[Exercise input — start]

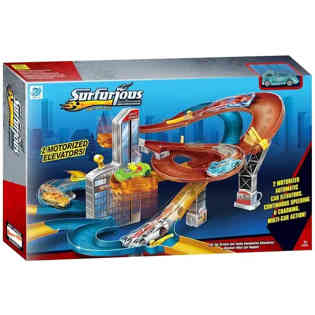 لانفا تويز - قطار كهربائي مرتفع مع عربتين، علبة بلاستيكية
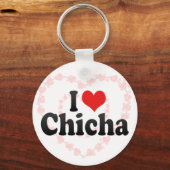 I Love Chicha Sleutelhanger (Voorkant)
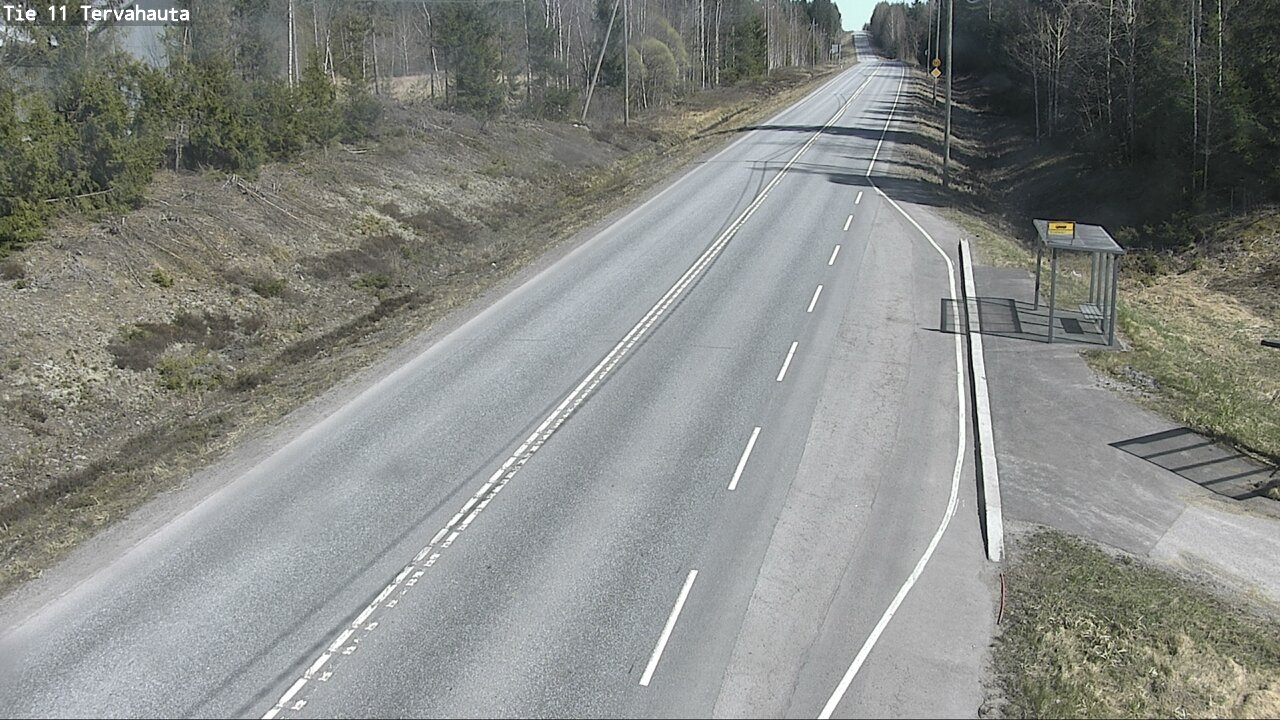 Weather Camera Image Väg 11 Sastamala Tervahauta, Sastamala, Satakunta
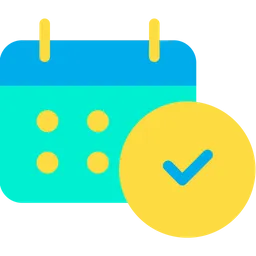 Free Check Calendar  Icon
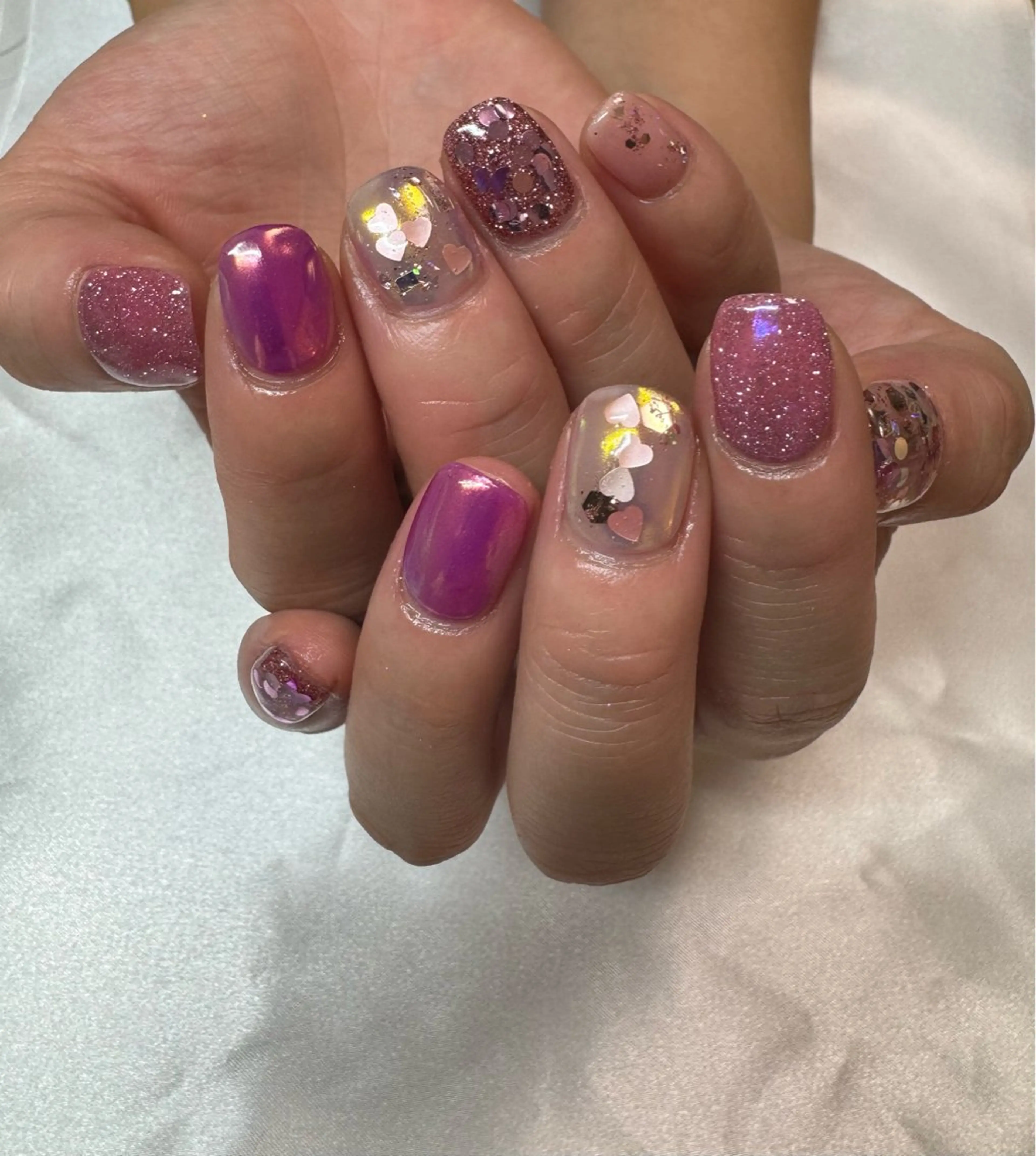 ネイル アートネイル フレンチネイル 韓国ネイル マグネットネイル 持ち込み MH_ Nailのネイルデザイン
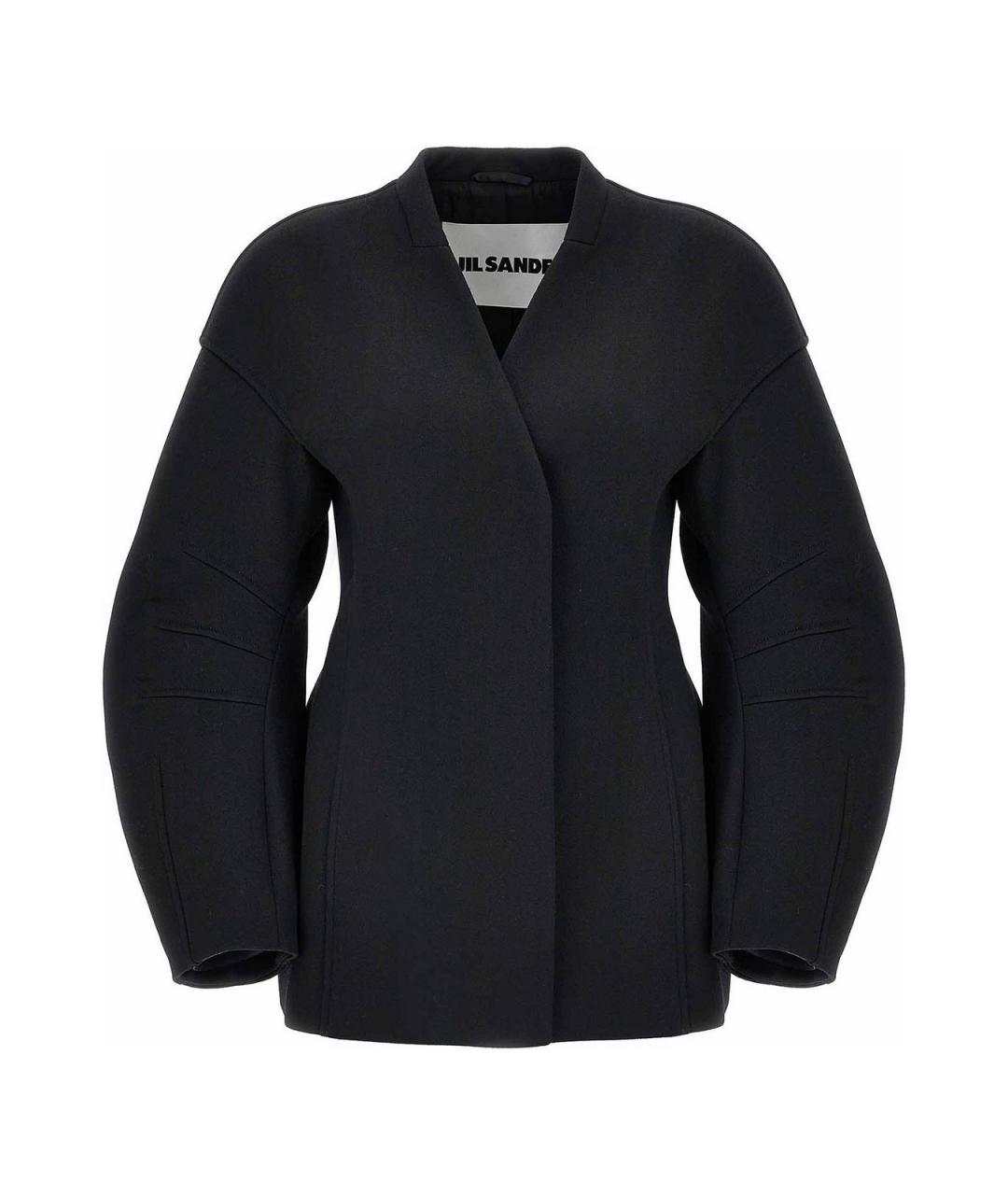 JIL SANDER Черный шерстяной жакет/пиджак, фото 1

[Exercise input — finish]

Task objective
Copy each line of the listing exactly, skipping any picture.

Answer to the exercise
 لانفا تويز - قطار كهربائي مرتفع مع عربتين، علبة بلاستيكية
 I Love Chicha Sleutelhanger (Voorkant)
 Weather Camera Image Väg 11 Sastamala Tervahauta, Sastamala, Satakunta
 Free Check Calendar  Icon
 ネイル アートネイル フレンチネイル 韓国ネイル マグネットネイル 持ち込み MH_ Nailのネイルデザイン
 JIL SANDER Черный шерстяной жакет/пиджак, фото 1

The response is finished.